Here are the rules from the NFL web site (note that this was originally written with the 2007 season in mind and has been only iteratively and incompletely edited since then, hence why at one point it still says late games start at 4:15 ET instead of 4:25):
- Begins Sunday of Week 5
- In effect during Weeks 5-17
- Up to 2 games may be flexed into Sunday Night between Weeks 5-10
- Only Sunday afternoon games are subject to being moved into the Sunday night window.
- The game that has been tentatively scheduled for Sunday night during flex weeks will be listed at 8:15 p.m. ET.
- The majority of games on Sundays will be listed at 1:00 p.m. ET during flex weeks except for games played in Pacific or Mountain Time zones which will be listed at 4:05 or 4:15 p.m. ET.
- No impact on Thursday, Saturday or Monday night games.
- The NFL will decide (after consultation with CBS, FOX, NBC) and announce as early as possible the game being played at 8:15 p.m. ET. The announcement will come no later than 12 days prior to the game. The NFL may also announce games moving to 4:05 p.m. ET and 4:25 p.m.
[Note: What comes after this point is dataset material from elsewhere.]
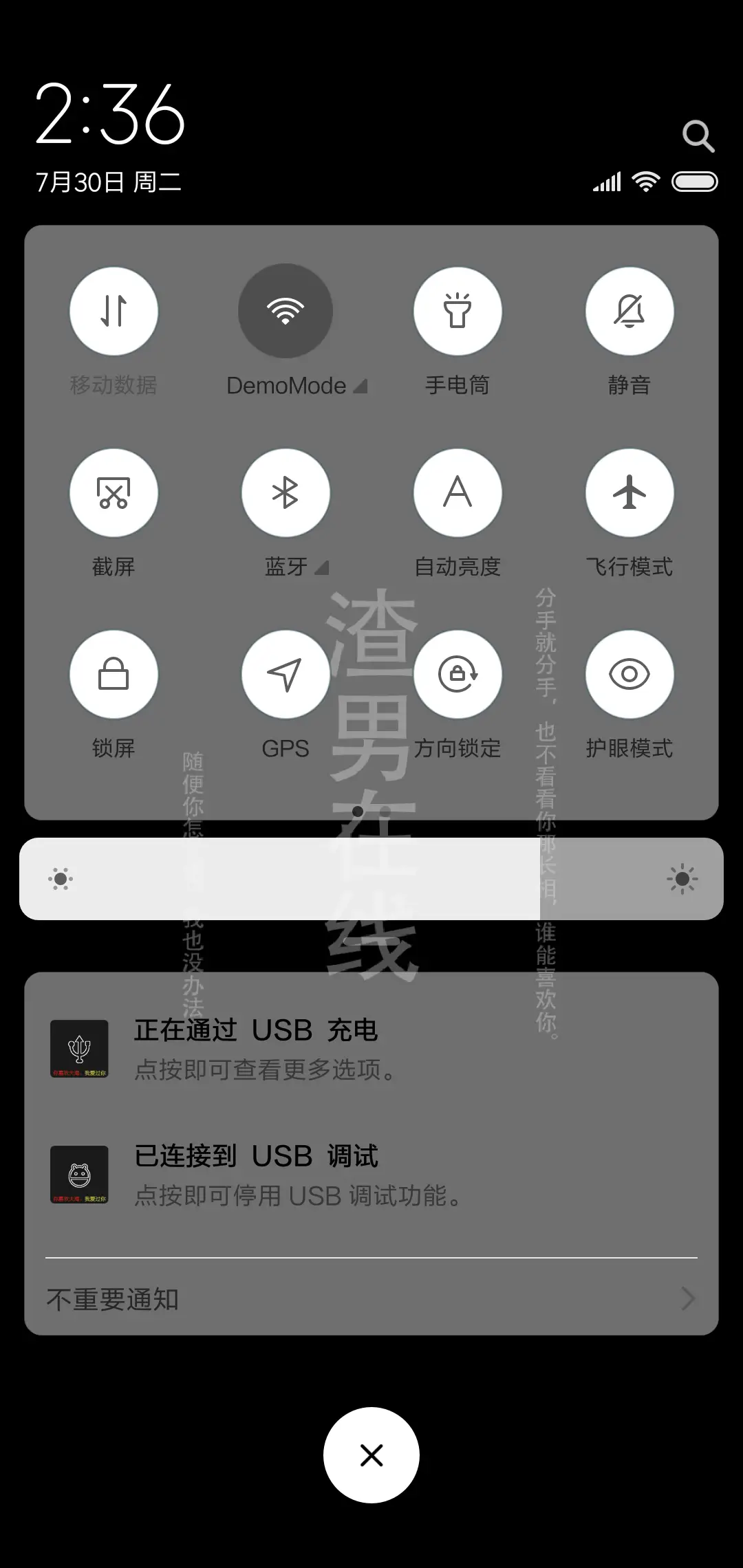 渣男在线 - Screenshot 5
ET.
- Week 17 start time changes could be decided on 6 days notice to ensure a game with playoff implications.
- The NBC Sunday night time slot in “flex” weeks will list the game that has been tentatively scheduled for Sunday night.
- Fans and ticket holders must be aware that NFL games in flex weeks are subject to change 12 days in advance (6 days in Week 17) and should plan accordingly.
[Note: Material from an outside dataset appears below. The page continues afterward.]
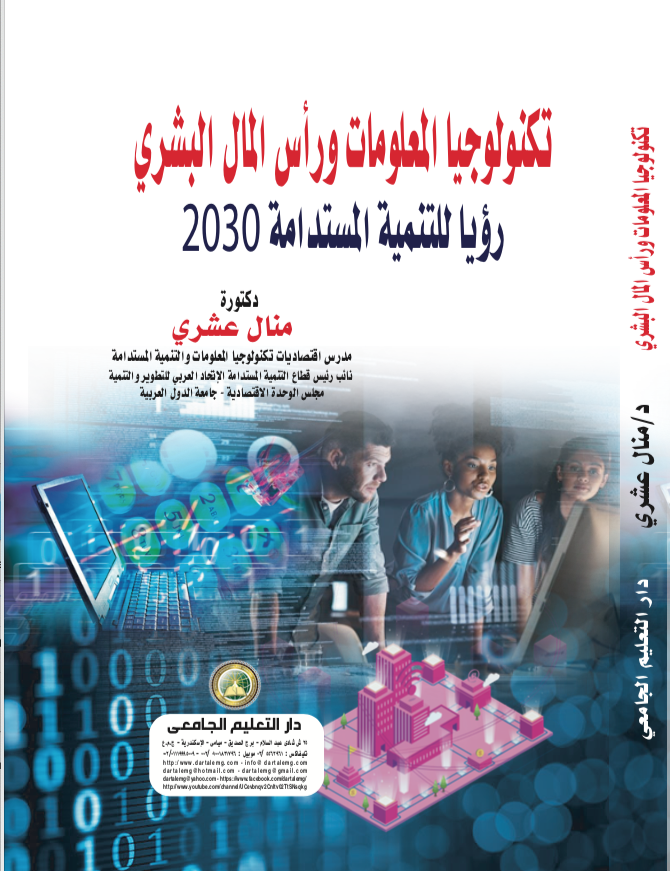 ��������� ��������� ���� ����� ������ ���� ������� ��������� 2030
- NFL schedules all games.
- Teams will be informed as soon as they are no longer under consideration or eligible for a move to Sunday night.
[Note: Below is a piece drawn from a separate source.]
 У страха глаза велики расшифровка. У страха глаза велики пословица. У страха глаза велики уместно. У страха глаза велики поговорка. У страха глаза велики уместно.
- Rules NOT listed on NFL web site but pertinent to flex schedule selection: CBS and Fox each protect games in five out of six weeks starting Week 11, and cannot protect any games Week 17. Games were protected after Week 4 in 2006 and 2011, because NBC hosted Christmas night games those years and all the other games were moved to Saturday (and so couldn’t be flexed), but are otherwise protected after Week 5; with NBC hosting a game the Saturday before Christmas Eve, I’m assuming protections were due in Week 4 again this year, and the above notwithstanding, Week 10 is part of the main flex period this year, as it was in 2006, 2011, and last year. As I understand it, during the Week 5-10 period the NFL and NBC declare their intention to flex out a game two weeks in advance, at which point CBS and Fox pick one game each to protect.
- New this year, the flexed-out game always moves to the network from which the flexed-in game comes, regardless of which network it would air on normally. This should give the NFL some incentive to flex in games from the same network as the tentative, especially late in the year, to avoid having to deal with the rather restrictive crossflex rules more than necessary. It also affects CBS and Fox’s protection incentives; if the tentative is a game that would be valuable even if it needs to be flexed out (such as a Cowboys game), that affects both networks’ willingness to leave a week unprotected equally.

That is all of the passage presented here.